The 10th Canada-Taiwan Conference in Higher Education


Opening Remarks

Oct. 16, 2012


Political Deputy Minister Lin, Tsong-ming

Ministry of Education, R.O.C. (Taiwan)


Good Morning,


Dr. John Hepburn, Vice President, Research & International, University of British Columbia,


Dr. George Dixon, Vice President, University Research, University of Waterloo,


President Dr. Joseph S. Lee, Interim President, National Central University,


President Dr. Flora Chia-I Chang, Chairperson, The Foundation for International Cooperation in Higher Education of Taiwan


Honored guests from Canada,


Distinguished university representatives and guests.

On behalf of the Ministry of Education, I would like to extend a cordial welcome to all attendees of “The 10th Canada-Taiwan Conference in Higher Education.” My sincere appreciation goes to all who are involved in this very significant conference, especially to our Canadian friends who have made a long journey to Taiwan.
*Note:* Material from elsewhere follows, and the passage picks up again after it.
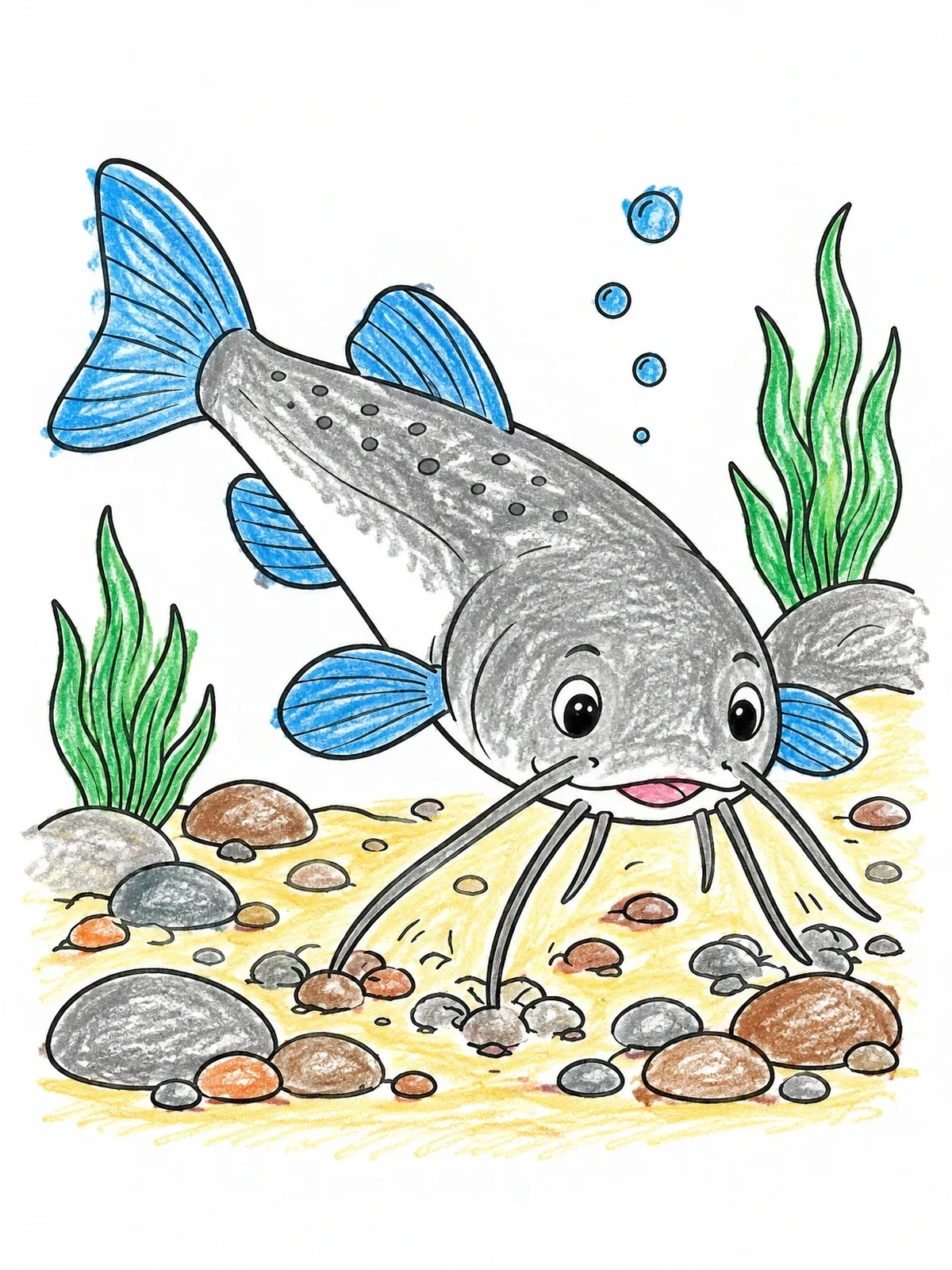 Colored example of the Cute Catfish On The Riverbed coloring page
Canada-Taiwan Conference is held every one or two years, alternatively in Canada and Taiwan. The 9th Canada-Taiwan Conference in Higher Education was held in Carleton University in May 2010. It was a unique opportunity for academics and policy makers from both countries to meet and exchange their visions. This year, the main theme of the conference is environmental science and cultural industry in higher education, as well as cooperation in higher education. I believe this conference will contribute significantly to deepening the development of our academic relations.


Higher educational exchange between Taiwan and Canada is an important part of the interactions between our two countries. In recent years, the long-term study of Taiwanese in Canada has contributed more than 100 million Taiwanese dollars per year to the Canadian economy. This makes Taiwan the 10th largest export market for Canadian education services. In addition to long-term studies, each year more than one thousand Taiwanese teenagers visit Canada through the International Experience Canada (IEC) program.


Similarly, the number of Canadian students studying at Taiwan’s Mandarin Chinese Language Centers was 532 and 101 Canadian students was under exchange programs with Taiwan’s universities in 2011. Moreover, there are 111 Canadian students pursuing their degree in Taiwan. We are confident that, with more and more interactions between us, there will be increasing number of Canadian students coming to study in Taiwan. This is the best way to improve mutual understanding. Our government is committed to increasing incentives to encourage more Canadian students to study in Taiwan.  Also, I hope, and I believe that, with this conference, the cooperative relationship between Taiwan and Canada in high education and research will be enriched.


In closing, I’d like to express my deepest appreciation for your support and interest. First of all, I would like to extend my appreciation to those who will deliver speeches and share their experience with us and to the National Central University and the Foundation for International Cooperation in Higher Education of Taiwan for organizing and hosting this event. For our Canadian guests, Taiwan is a place full of opportunity and interesting possibility. I hope you will find a chance catch a glimpse of this dynamic society during your stay. I also want to wish you a very inspiring conference. Thank you.